▶ **Work request**
Take the whole listing and reproduce it exactly, pictures excepted.

▶ **Provided material**
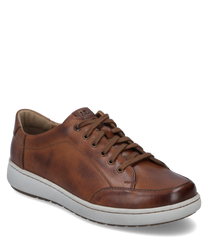 The sneaker in cognac combination features a smooth leather upper with light stitching and a sturdy white rubber sole. Notable features include the brown laces and the subtle seam detailingwhich give the shoe an elegant look.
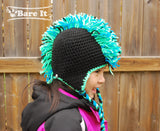 Model is wearing size M punk rocker character crochet toque with ear flaps and braided draw strings. Handmade by Bare It Designs Ltd.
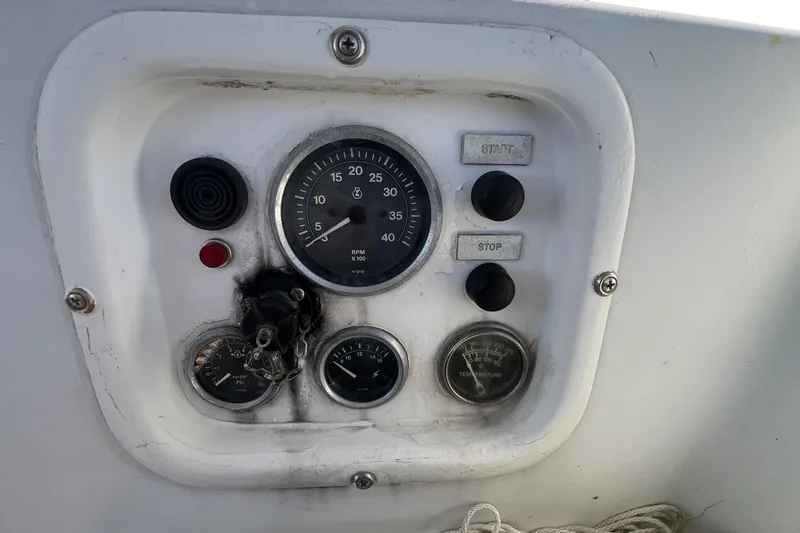 Slide: The Image of 1977 Gulfstar 50 control panel with gauges and start-stop buttons. - 14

▶ **Task answer**
 The sneaker in cognac combination features a smooth leather upper with light stitching and a sturdy white rubber sole. Notable features include the brown laces and the subtle seam detailingwhich give the shoe an elegant look.
 Model is wearing size M punk rocker character crochet toque with ear flaps and braided draw strings. Handmade by Bare It Designs Ltd.
 Slide: The Image of 1977 Gulfstar 50 control panel with gauges and start-stop buttons. - 14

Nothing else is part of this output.